Jリーグにおける現代屈指のドリブラーというとFW宇佐美(G大阪)である。圧倒的なテクニックを持っており、細かいステップで相手の守備陣を突破することができる。中学生の頃から「天才サッカー少年」としてサッカーファンの間では名前の知れた選手だったが、天才サッカー少年は紆余曲折を経てプロの世界でも天才と呼ばれるような選手になった。ドリブルからシュートを打つときの滑らかさは日本人屈指。

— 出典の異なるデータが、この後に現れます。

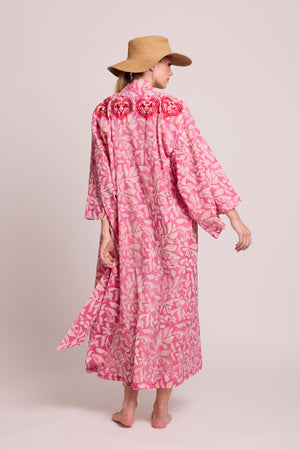 Nallur Pink Kimono in XS/S PINK - Sustainable Fashion by KLEED LOUNGEWEAR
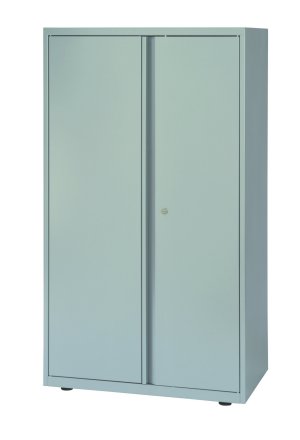 Büro-Stahlschrank mit abschließbaren Flügeltüren
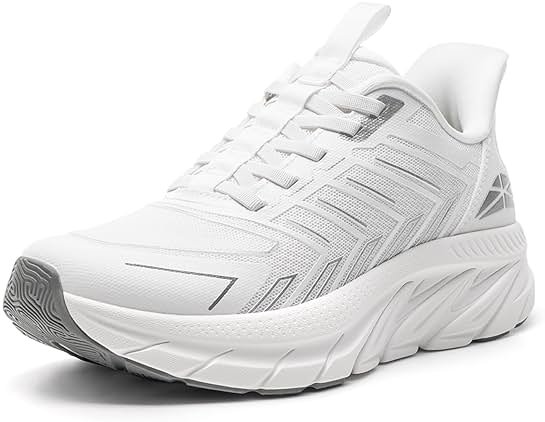 ALLSWIFIT Women's Slip On Walking Shoes Running Comfortable Tennis Breathable Non Slip Athletic Gym Workout Cross Training Fashion Sneakers - Product Image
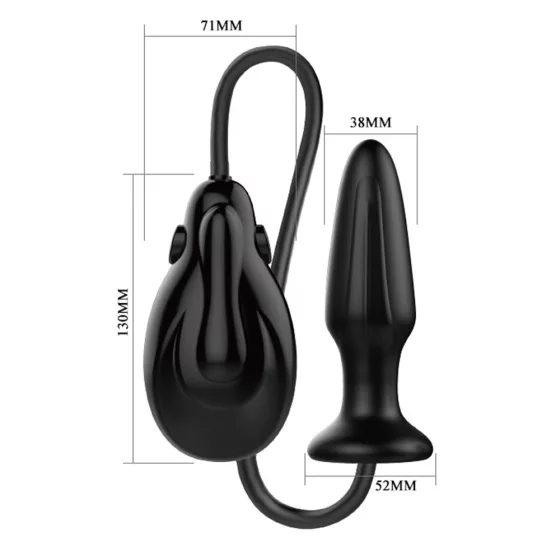 Mr. Play anál tágító, automatikus pumpával, vibrációval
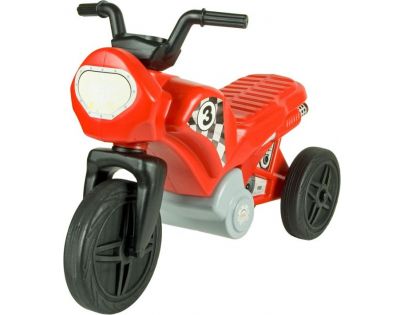 Mochtoys Odrážedlo motorka červená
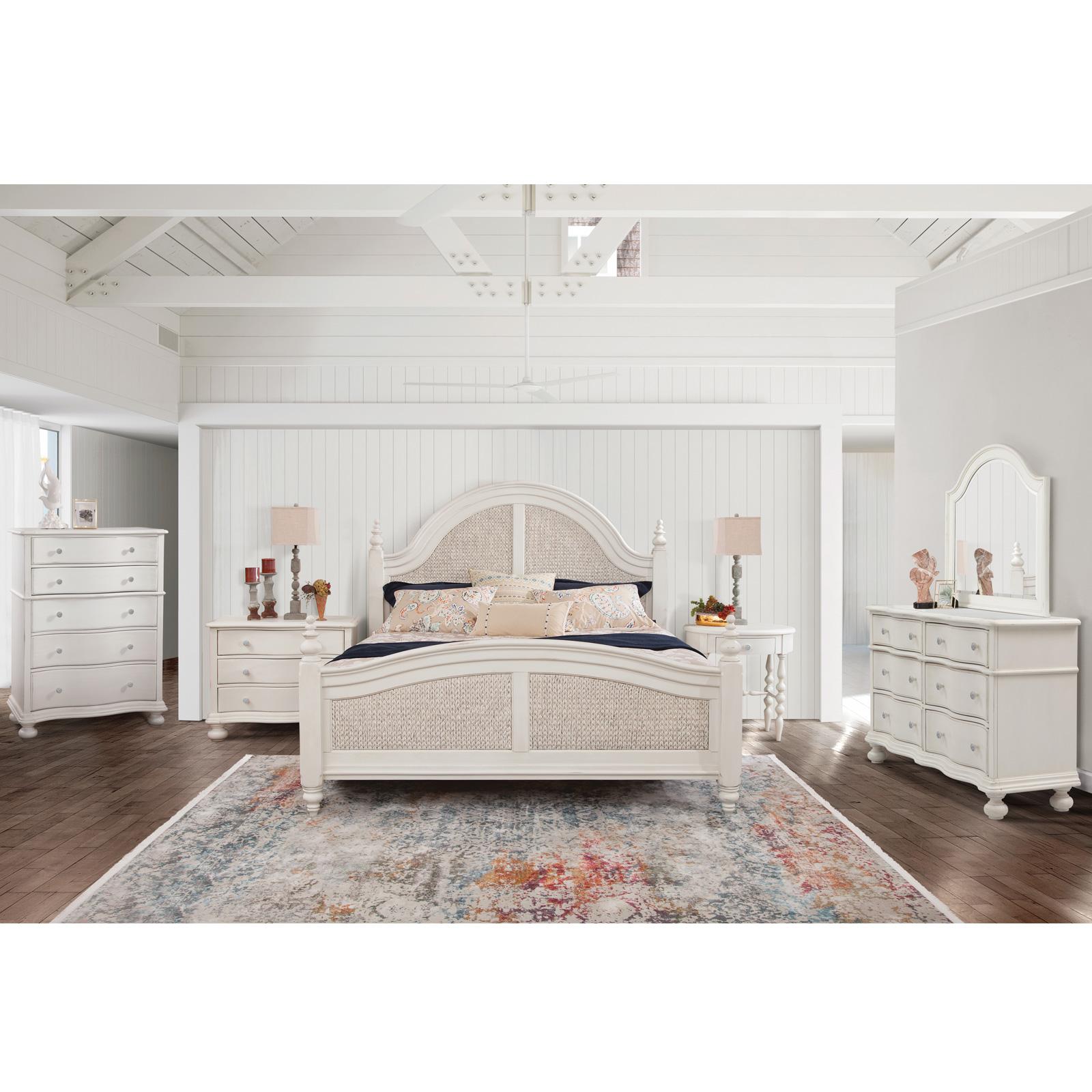 

    
White Woven Panel Bedroom Set 3Pcs Rodanthe 3910-QWOWO-3PC American Woodcrafters
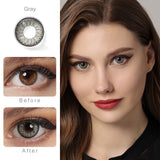Nonno Galaxy Gray Colored Contacts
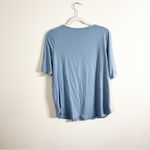Eileen Fisher Light Blue Periwinkle Short Sleeve Top Size Large Photo 1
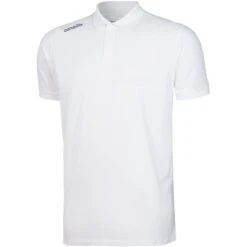 Men's Portugal Cotton Polo Shirt White / Silver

MF齋藤学(横浜FM)もJリーガーの中で最高峰のドリブラーと言える。今シーズンは特にドリブルにキレがあって「アンストッパブル」と言える試合がすでにいくつもある。左サイドでボールを受けて中央にドリブルで切れ込んでから右足でシュートを放つプレーが得意。キレもスピードもテクニックも最上級。トップスピードになったときもコントロールが乱れることはないので常に主導権を握った状態でドリブルができる。